Tez nie musi umiec spawac
Hmm... bałbym się polegać na (wyłącznie) "mędrca szkiełku i oku"... kto w
żaden sposób poza to nie wyszedł... Już nie proszę o znajomość kowalstwa
artystycznego, bo to rzemioso, ale, żeby nie umieć dwóch prętów zespawać...
to bym spylał od takiego daleko, daleko, daleko... Spylałbym od lekarza,
który nie zna zjawiska osmozy, spylałbym od mechanika samochodowego, nie
znającego podstaw działania silnika i hamulców, itd...
--
ACMM-033-PC-GCI-Warszawa.
Spamerstwu i "pytaczom" wstęp do skrzynki email surowo zabroniony!

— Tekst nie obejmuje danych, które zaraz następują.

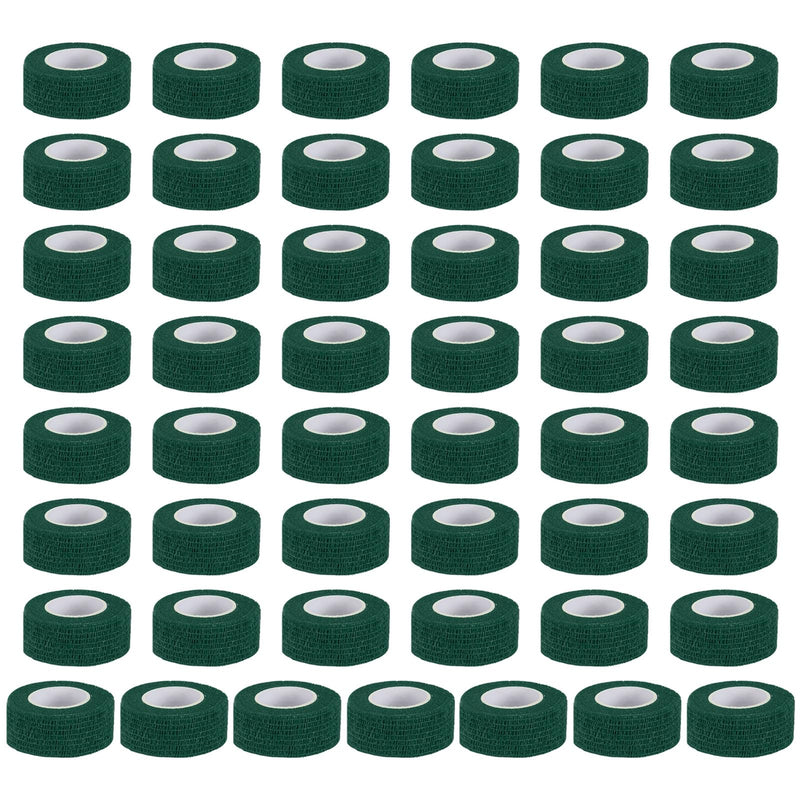 [Australia] - PATIKIL Self Adhesive Bandage Wrap 177" x 1", 50 Pcs Elastic Self Adherent Self Breathable Wrap Tape for Sport Stretch Athletic Wrist Ankle Outdoor Tape, Dark Green 177" x 1" 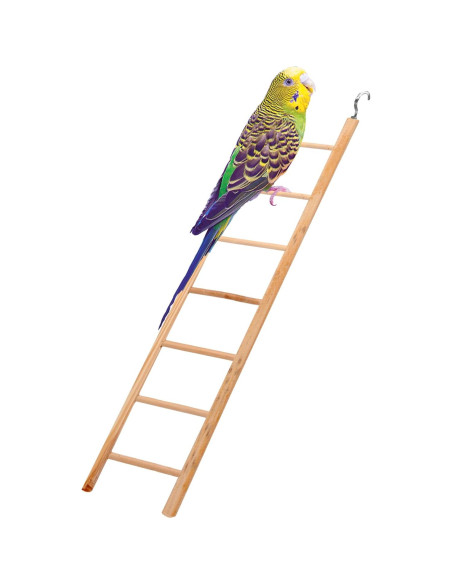 Escalera de Madera para Aves Penn-Plax 7 Pasos 37 cm Escalera de Madera para Aves Penn-Plax 7 Pasos 37 cm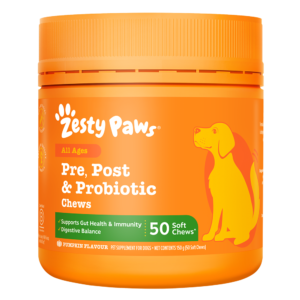 Zesty Paws Pre, Post and Probiotic Chews For Dogs - 50 chews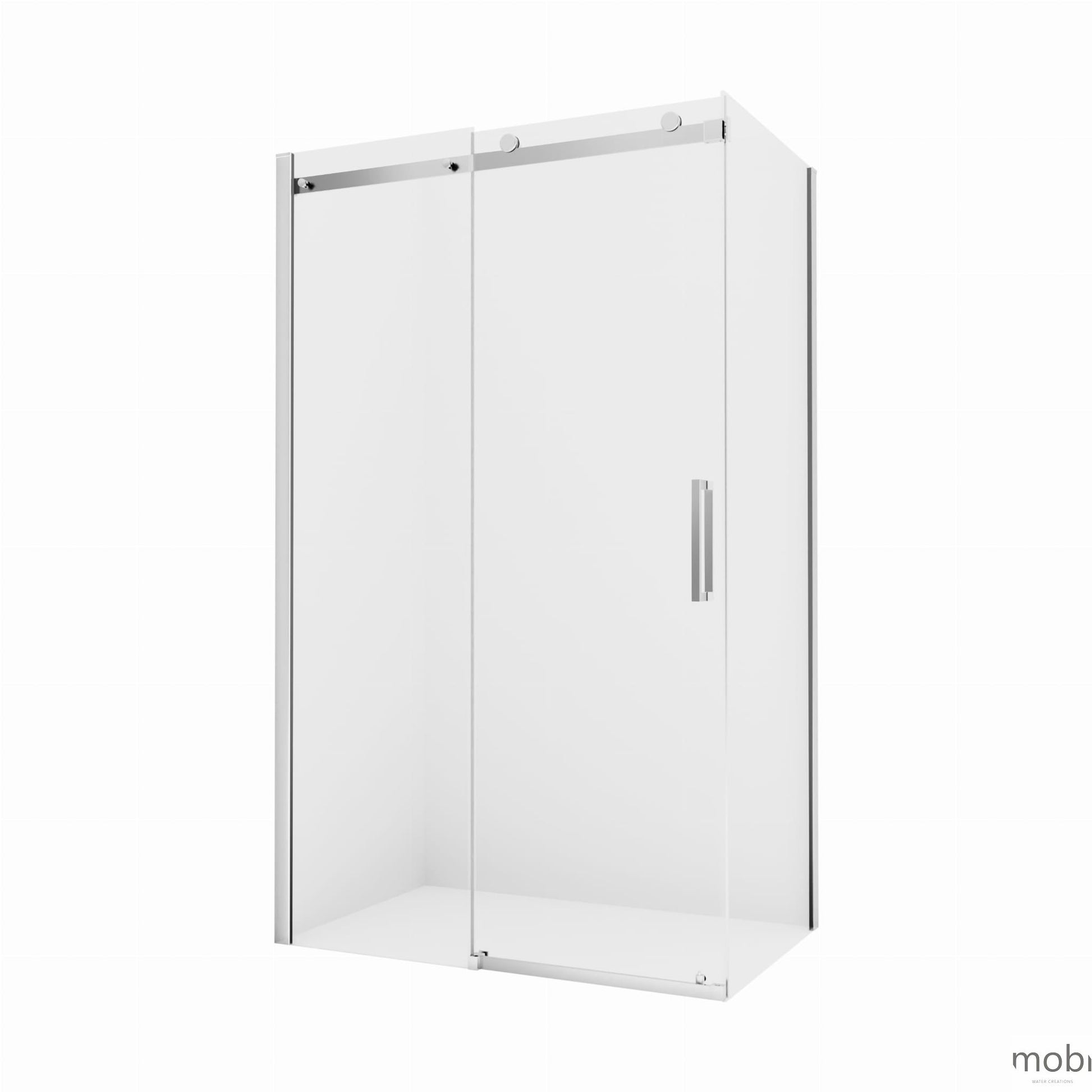 KABINA PRYSZNICOWA PRZESUWNA  CHROME OD MOBI
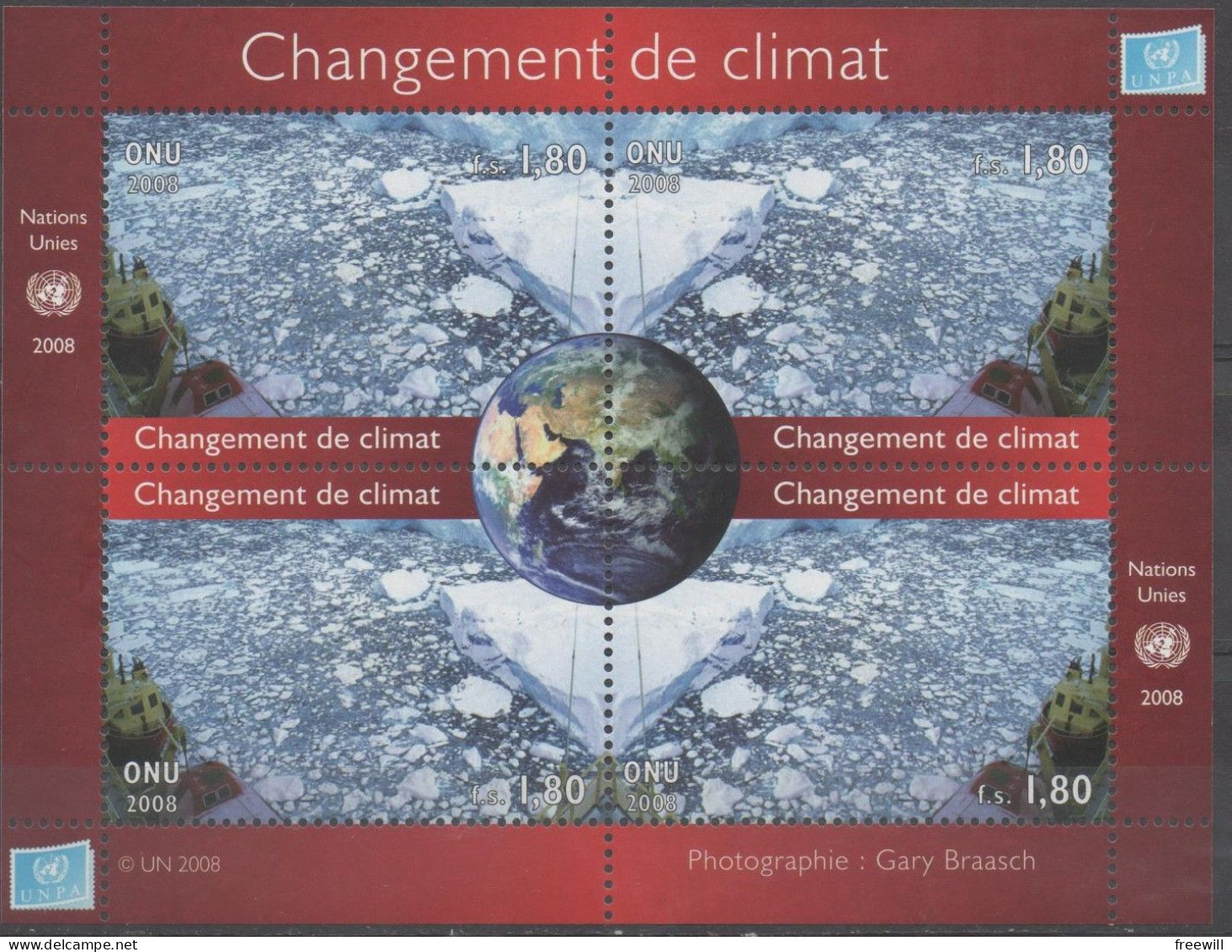 Changements Climatique 2008 XXX - Blocs-feuillets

To, że adres ten jest publiczny i nieodspamiony, nie oznacza, że wolno
wam tu załatwiać się, do tego jest klop, tylko go z szafą nie pomylcie!
J.F.
Guest
Sat Nov 09, 2013 6:56 pm
Dnia Sat, 9 Nov 2013 18:40:35 +0100, ACMM-033 napisał(a):
Quote:
Użytkownik "A.L." <alewando@aol.com> napisał w wiadomości
Jest jeszcze inzynier spawalnictwa.
Tez nie musi umiec spawac
Hmm... bałbym się polegać na (wyłącznie) "mędrca szkiełku i oku"... kto w
żaden sposób poza to nie wyszedł... Już nie proszę o znajomość kowalstwa
artystycznego, bo to rzemioso, ale, żeby nie umieć dwóch prętów zespawać...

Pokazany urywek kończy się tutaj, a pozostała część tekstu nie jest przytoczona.